Speaker
Description
Many studies have demonstrated the emergence of “observation” as a new epistemic category in sixteenth-century Europe, as well as an increasingly “empiricist” stance taken by European physicians in their knowledge-making. This study aims to offer a more nuanced perspective on this grand shift through an analysis of the works of Flemish physician and botanist Rembert Dodoens (1517–1585). The all-too-natural modern association of “observation” and “experience” breaks down if we notice how Dodoens only worked out a framework that neatly contained both after almost thirty years of medical-botanical study, coalesced into the Stirpium historiae pemptades sex (1583).

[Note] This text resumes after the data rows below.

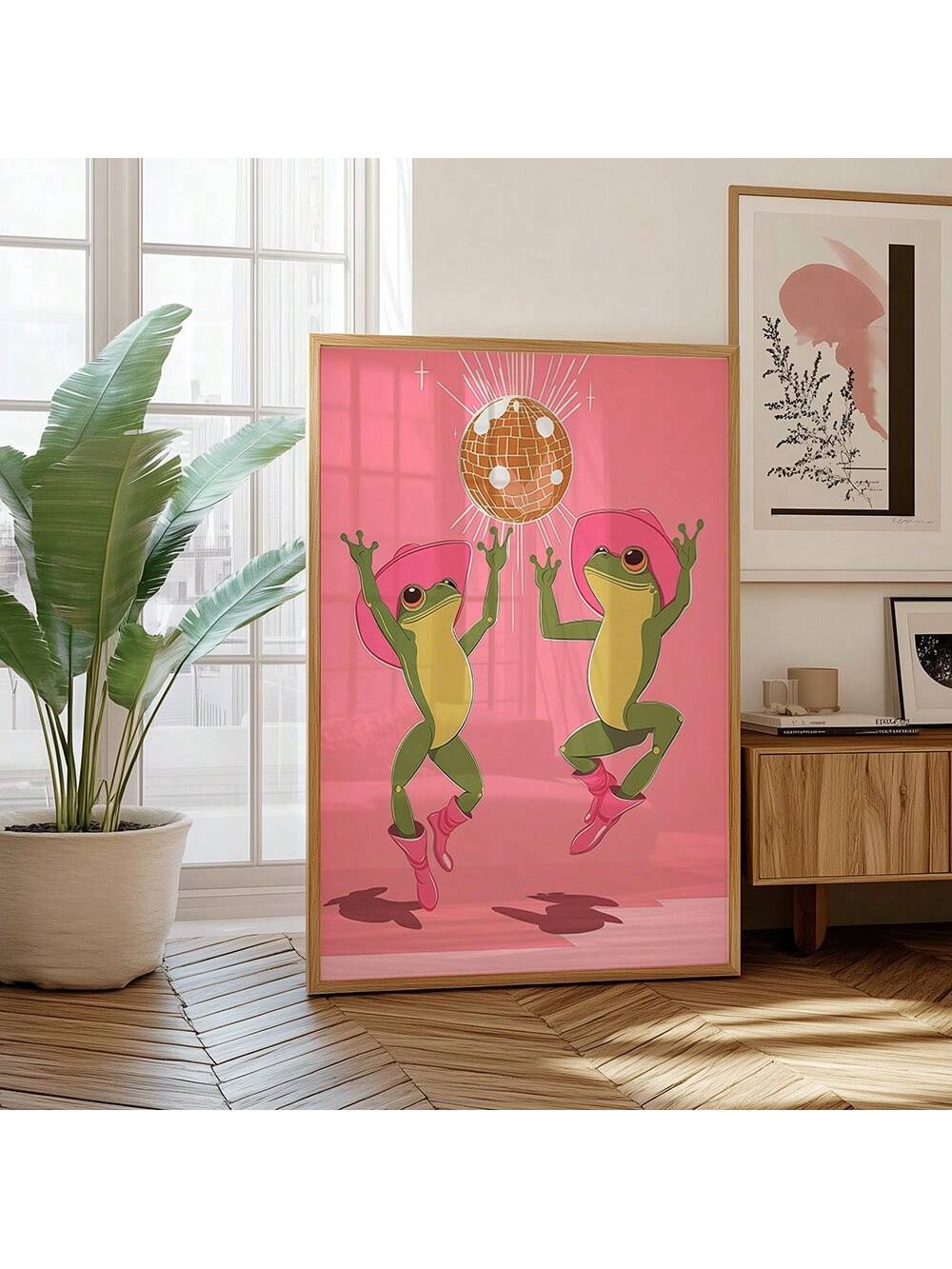 Add a playful yet sophisticated touch to your cowgirl-themed space with this Whimsical Pink Frog Art Print. Featuring a charming dancing frog rendered in soft pink hues, this print blends quirky aesthetics with rustic charm. Perfect for wall decor that balances whimsy and style, it enhances any room with a unique, artistic flair that complements western-inspired interiors. Crafted to inspire joy and creativity, this piece is an expert choice for those seeking distinctive, tasteful cowgirl decor.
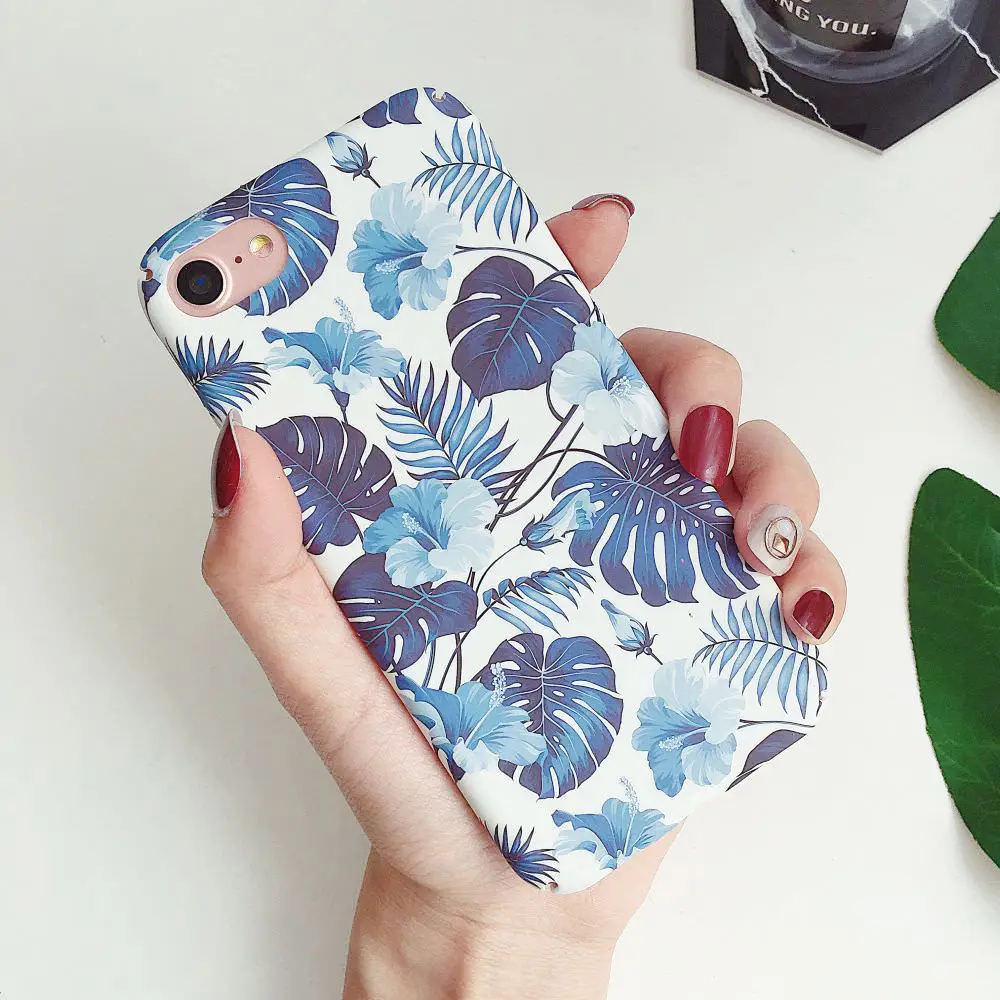 L-FADNUT чехол для iPhone 7 Xr X Xs Max 8 6 S Plus тонкий милый лист матовый жесткий ПК бампер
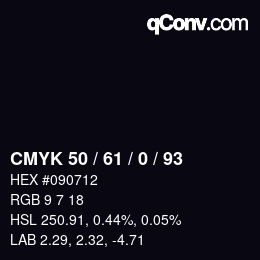 Farbcode: CMYK 50 / 61 / 0 / 93 | qconv.com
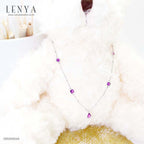LENYA สร้อยคอเงินแท้ 925 ประดับพลอยอเมทิสต์  (Amethyst) หลายหลายรูปทรง ผสมผสานกันอย่างลงตัว หรูหราอย่างมีสไตล์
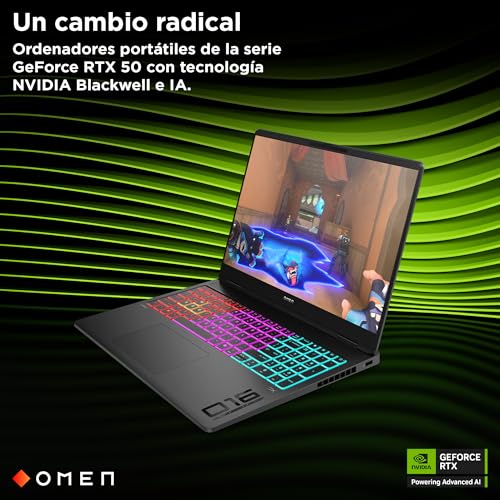 HP OMEN MAX - Ordenador Portátil Gaming de 16" OLED 240Hz (Ultra 7-255HX, 32GB RAM, 1 TB, NVIDIA GeForce RTX 5060 8GB, FreeDos) Negro - Teclado QWERTY Español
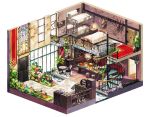  bed chair floorplan flower highres interior isometric nishihara_isao no_humans original room spiral_staircase table teron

In fact, as revealed in his progressive works starting from 1548, the ideas of “observatio” and “experientia” as ways of knowing came down to him from different intellectual and disciplinary sources, one from cosmography and the other from Galenic medicine. For Dodoens, ultimately, “observatio” obtains the apparent, phenomenal characteristics of natural things (heavens, plants, or patient bodies), while “experientia” provides insight into the “facultas” or “properties of essence” which are actually not manifest as opposed to “sensory qualities”. This version of “empiricism” is unique, rooted in the world of sixteenth-century medical learning, and calls for reflection on some traditional narratives about early modern empiricism(s).
Short Biography
Zongbei HUANG is a PhD candidate at the Department of the History of Science, Tsinghua University, China. She received a Bachelor’s degree in philosophy (with distinction) from the same university in 2022. Her ongoing doctoral research focuses on the establishment of new forms of “experience” – especially the observational, descriptive, and historical kind – as sources of “scientific” knowledge about the natural world during the sixteenth century, with an emphasis on scholarly practice and historical epistemology. She has published research articles and book reviews in Journal of Astronomical History and Heritage and Tsinghua Journal of History and Philosophy of Science.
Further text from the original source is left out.